▶ **TASK TO COMPLETE**: Stop after the line with "Spacious driveway leading". Up to that point, output every line of the listing below exactly from the first one onward, skipping pictures.

*** INFORMATION SUPPLIED Section Begins ***

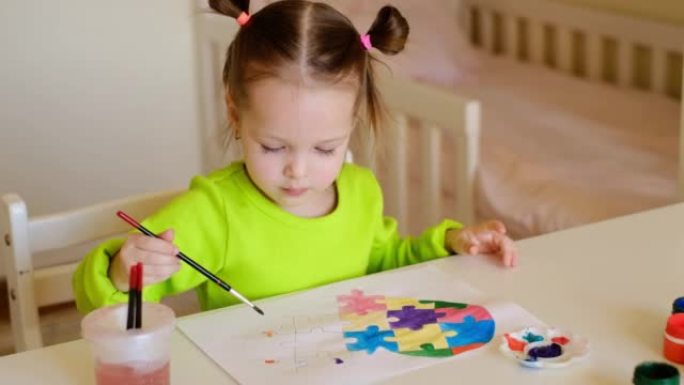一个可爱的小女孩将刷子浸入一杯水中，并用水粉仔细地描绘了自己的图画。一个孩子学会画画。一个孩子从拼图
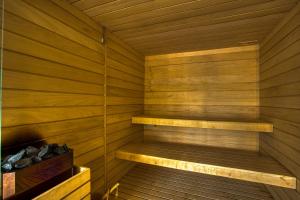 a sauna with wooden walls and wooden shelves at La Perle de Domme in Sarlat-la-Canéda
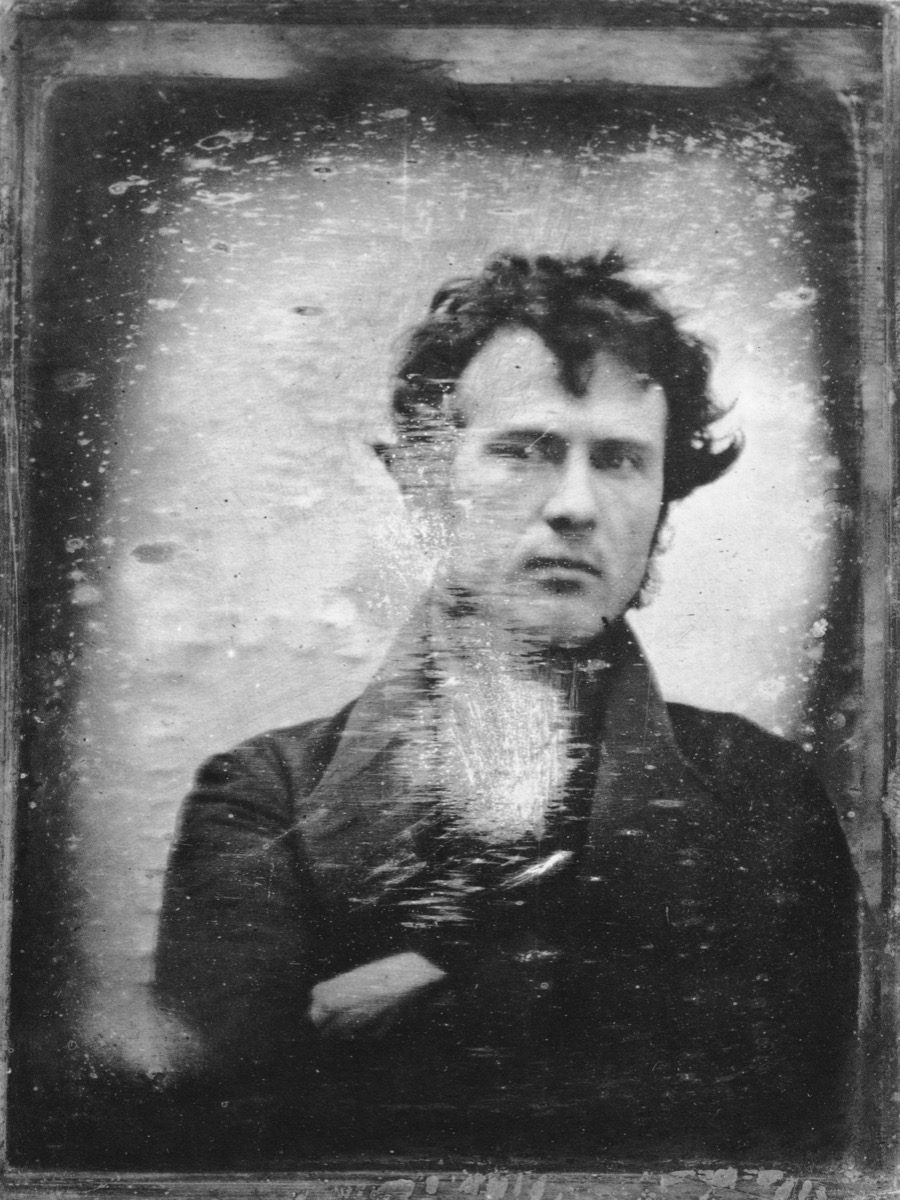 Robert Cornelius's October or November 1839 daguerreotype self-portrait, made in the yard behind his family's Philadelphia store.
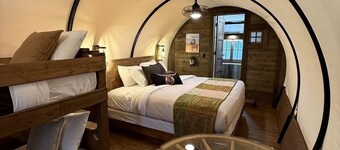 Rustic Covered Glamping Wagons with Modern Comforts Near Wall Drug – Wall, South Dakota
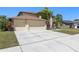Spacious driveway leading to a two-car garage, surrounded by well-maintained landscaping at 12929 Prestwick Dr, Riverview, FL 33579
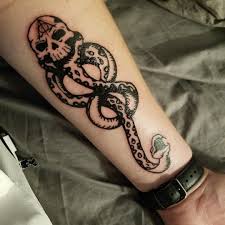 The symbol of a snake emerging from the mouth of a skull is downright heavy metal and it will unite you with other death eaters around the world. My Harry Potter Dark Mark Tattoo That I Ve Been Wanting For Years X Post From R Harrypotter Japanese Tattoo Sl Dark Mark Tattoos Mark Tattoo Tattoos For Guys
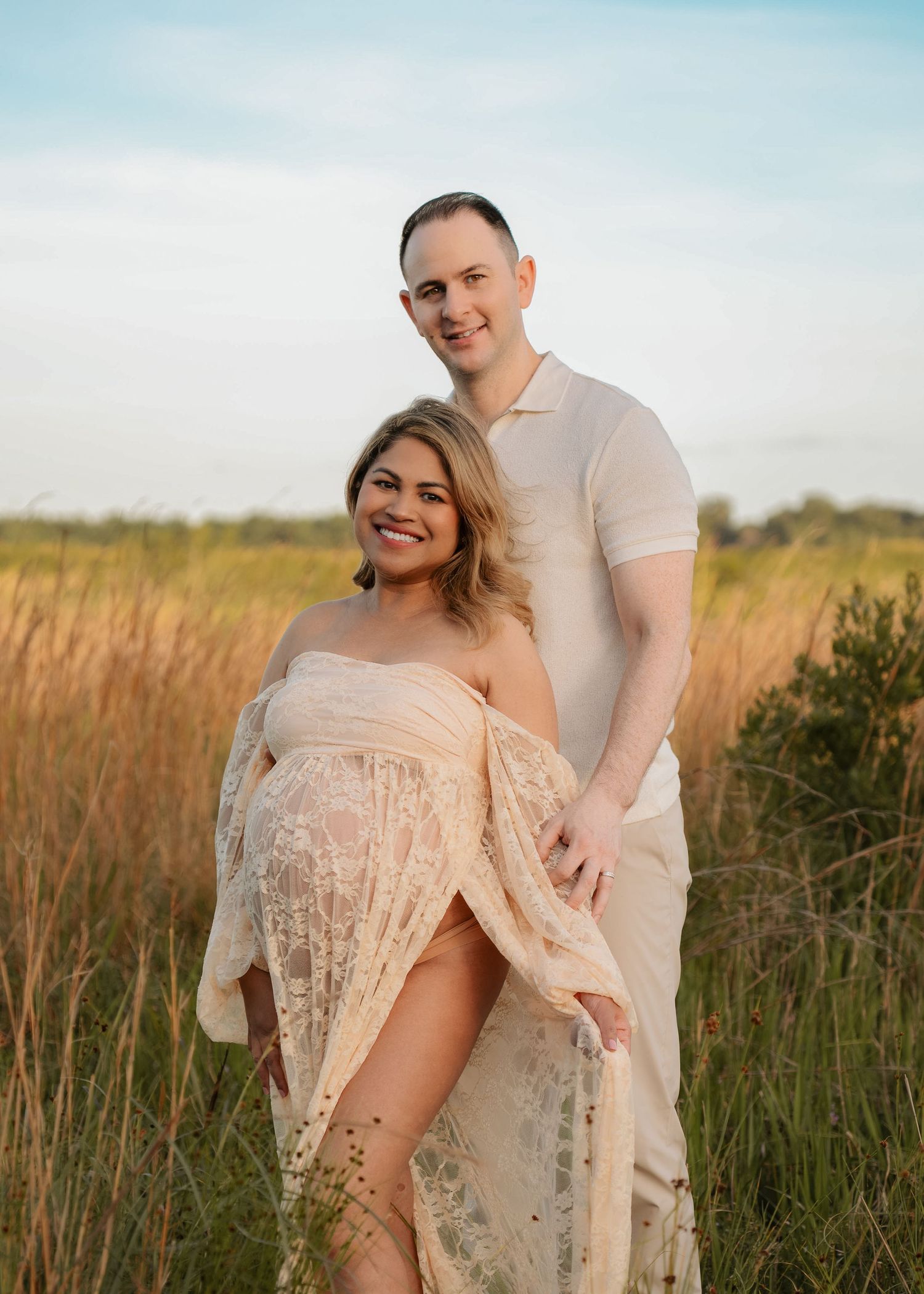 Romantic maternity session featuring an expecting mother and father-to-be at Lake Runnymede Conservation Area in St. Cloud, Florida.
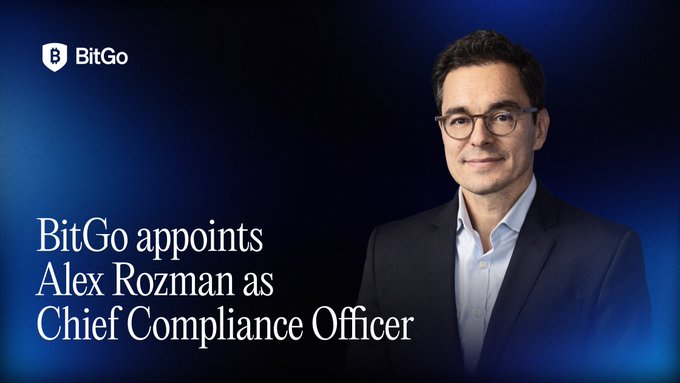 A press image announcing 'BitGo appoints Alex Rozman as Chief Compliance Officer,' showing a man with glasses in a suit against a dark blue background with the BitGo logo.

*** INFORMATION SUPPLIED Section Ends ***

▶ **FINAL ANSWER**:
一个可爱的小女孩将刷子浸入一杯水中，并用水粉仔细地描绘了自己的图画。一个孩子学会画画。一个孩子从拼图
 a sauna with wooden walls and wooden shelves at La Perle de Domme in Sarlat-la-Canéda
 Robert Cornelius's October or November 1839 daguerreotype self-portrait, made in the yard behind his family's Philadelphia store.
 Rustic Covered Glamping Wagons with Modern Comforts Near Wall Drug – Wall, South Dakota
Spacious driveway leading to a two-car garage, surrounded by well-maintained landscaping at 12929 Prestwick Dr, Riverview, FL 33579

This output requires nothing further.